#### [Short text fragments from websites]
=== Section Start ===
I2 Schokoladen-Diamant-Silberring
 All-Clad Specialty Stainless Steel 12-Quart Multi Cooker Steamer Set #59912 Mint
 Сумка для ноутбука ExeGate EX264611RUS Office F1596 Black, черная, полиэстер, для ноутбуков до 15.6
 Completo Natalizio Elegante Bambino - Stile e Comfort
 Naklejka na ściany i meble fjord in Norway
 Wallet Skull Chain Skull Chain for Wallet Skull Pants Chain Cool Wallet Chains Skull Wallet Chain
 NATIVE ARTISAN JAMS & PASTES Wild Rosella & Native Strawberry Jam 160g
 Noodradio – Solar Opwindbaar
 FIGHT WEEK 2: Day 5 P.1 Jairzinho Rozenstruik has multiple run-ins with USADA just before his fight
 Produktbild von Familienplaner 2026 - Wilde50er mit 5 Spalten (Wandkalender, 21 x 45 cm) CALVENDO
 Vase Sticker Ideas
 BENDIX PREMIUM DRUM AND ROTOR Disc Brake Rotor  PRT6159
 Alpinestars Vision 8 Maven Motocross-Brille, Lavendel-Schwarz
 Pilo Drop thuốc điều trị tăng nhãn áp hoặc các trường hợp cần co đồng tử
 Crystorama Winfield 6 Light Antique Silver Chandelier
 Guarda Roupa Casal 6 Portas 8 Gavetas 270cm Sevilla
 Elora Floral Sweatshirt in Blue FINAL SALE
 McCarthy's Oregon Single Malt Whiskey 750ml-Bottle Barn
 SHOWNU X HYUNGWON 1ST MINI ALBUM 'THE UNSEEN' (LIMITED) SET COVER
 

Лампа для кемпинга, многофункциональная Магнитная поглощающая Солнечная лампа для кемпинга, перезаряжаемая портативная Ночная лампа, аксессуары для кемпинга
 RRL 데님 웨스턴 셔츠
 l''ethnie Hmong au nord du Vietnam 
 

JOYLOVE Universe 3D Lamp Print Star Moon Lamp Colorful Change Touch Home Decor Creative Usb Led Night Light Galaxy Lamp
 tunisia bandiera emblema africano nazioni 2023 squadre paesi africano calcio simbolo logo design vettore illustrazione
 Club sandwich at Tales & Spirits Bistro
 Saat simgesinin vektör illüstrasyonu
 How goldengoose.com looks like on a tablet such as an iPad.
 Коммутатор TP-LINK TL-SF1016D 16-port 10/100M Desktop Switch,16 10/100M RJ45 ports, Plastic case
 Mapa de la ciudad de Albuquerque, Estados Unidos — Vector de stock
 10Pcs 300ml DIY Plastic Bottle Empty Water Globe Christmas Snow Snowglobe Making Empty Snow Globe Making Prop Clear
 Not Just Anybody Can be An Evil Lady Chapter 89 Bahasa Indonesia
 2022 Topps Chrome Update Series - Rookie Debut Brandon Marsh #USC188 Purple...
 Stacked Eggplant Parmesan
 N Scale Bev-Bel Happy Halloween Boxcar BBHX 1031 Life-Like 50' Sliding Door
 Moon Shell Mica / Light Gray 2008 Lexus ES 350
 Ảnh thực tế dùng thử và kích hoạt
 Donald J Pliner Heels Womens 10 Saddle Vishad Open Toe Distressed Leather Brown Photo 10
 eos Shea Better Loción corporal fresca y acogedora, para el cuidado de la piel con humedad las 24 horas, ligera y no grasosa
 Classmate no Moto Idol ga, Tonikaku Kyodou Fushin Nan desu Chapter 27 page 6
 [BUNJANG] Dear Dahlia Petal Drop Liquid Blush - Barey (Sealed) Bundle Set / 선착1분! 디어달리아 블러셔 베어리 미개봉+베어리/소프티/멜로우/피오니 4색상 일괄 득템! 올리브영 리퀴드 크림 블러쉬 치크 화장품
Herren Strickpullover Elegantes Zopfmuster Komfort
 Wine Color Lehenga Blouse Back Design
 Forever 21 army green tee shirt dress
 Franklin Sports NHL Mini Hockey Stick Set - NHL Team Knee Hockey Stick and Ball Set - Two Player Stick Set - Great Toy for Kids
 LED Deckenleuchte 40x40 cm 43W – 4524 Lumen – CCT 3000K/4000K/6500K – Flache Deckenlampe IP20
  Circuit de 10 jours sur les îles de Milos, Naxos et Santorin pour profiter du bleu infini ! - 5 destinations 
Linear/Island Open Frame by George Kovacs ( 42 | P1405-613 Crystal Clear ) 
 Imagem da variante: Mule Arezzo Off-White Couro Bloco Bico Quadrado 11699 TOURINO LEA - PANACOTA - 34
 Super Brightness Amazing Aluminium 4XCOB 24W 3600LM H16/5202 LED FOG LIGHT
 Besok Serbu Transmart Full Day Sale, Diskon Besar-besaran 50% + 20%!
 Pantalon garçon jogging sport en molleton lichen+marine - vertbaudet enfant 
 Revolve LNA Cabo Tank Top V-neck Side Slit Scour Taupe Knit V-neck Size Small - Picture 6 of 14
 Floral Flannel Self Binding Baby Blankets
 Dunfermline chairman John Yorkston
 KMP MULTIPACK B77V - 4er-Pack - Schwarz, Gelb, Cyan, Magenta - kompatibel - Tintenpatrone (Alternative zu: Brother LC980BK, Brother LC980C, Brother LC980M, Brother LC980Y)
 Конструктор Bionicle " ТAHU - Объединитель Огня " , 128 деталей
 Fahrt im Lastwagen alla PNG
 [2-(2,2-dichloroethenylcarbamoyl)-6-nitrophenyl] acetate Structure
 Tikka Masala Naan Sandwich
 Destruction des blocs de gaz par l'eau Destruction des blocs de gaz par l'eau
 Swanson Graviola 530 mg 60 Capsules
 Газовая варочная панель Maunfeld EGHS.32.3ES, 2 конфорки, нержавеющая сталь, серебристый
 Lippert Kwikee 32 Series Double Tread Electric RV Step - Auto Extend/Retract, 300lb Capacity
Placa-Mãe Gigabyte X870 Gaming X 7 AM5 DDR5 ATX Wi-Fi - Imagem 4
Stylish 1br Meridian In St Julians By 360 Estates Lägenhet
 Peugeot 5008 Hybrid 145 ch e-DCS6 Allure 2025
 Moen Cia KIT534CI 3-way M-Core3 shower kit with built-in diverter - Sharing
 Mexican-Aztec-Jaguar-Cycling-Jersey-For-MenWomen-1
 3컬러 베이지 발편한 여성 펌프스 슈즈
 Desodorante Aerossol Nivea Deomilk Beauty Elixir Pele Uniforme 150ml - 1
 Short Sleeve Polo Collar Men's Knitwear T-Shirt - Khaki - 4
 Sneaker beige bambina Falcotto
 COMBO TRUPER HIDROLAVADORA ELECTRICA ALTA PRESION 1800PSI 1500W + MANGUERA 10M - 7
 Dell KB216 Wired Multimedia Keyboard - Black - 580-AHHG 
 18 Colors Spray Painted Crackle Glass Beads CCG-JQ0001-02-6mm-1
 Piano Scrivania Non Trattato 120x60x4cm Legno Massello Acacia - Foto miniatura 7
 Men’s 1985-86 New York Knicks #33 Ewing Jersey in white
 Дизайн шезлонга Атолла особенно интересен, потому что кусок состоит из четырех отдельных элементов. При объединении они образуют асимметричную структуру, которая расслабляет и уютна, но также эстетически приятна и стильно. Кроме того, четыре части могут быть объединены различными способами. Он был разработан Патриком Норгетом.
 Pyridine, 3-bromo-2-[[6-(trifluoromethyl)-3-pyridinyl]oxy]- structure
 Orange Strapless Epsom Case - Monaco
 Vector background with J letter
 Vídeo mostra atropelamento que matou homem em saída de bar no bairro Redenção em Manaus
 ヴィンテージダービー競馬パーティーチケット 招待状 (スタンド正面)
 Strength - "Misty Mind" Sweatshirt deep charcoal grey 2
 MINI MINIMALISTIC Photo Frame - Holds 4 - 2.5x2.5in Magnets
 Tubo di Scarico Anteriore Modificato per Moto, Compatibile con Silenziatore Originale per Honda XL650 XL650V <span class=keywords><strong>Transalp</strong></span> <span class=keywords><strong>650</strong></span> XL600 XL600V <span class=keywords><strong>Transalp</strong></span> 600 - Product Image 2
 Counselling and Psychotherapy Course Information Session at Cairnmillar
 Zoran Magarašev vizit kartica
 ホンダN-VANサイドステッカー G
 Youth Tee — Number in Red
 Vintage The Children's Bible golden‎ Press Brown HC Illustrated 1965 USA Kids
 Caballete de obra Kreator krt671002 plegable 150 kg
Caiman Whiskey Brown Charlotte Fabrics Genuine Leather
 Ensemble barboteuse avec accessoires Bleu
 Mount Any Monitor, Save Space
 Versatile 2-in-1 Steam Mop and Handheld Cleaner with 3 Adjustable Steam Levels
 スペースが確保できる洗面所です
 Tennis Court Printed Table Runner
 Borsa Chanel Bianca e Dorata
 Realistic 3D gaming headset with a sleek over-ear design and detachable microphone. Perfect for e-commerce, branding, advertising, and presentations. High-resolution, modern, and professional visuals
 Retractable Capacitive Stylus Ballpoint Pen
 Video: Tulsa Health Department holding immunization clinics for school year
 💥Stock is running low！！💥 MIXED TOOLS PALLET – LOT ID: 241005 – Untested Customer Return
=== Section End ===
#### [WORK INSTRUCTION]
Copy the entries above exactly, but only from the line holding "Stylish 1br Meridian" through the line holding "Dell KB216 Wired", both included.

#### [THE ANSWER]
Stylish 1br Meridian In St Julians By 360 Estates Lägenhet
 Peugeot 5008 Hybrid 145 ch e-DCS6 Allure 2025
 Moen Cia KIT534CI 3-way M-Core3 shower kit with built-in diverter - Sharing
 Mexican-Aztec-Jaguar-Cycling-Jersey-For-MenWomen-1
 3컬러 베이지 발편한 여성 펌프스 슈즈
 Desodorante Aerossol Nivea Deomilk Beauty Elixir Pele Uniforme 150ml - 1
 Short Sleeve Polo Collar Men's Knitwear T-Shirt - Khaki - 4
 Sneaker beige bambina Falcotto
 COMBO TRUPER HIDROLAVADORA ELECTRICA ALTA PRESION 1800PSI 1500W + MANGUERA 10M - 7
 Dell KB216 Wired Multimedia Keyboard - Black - 580-AHHG 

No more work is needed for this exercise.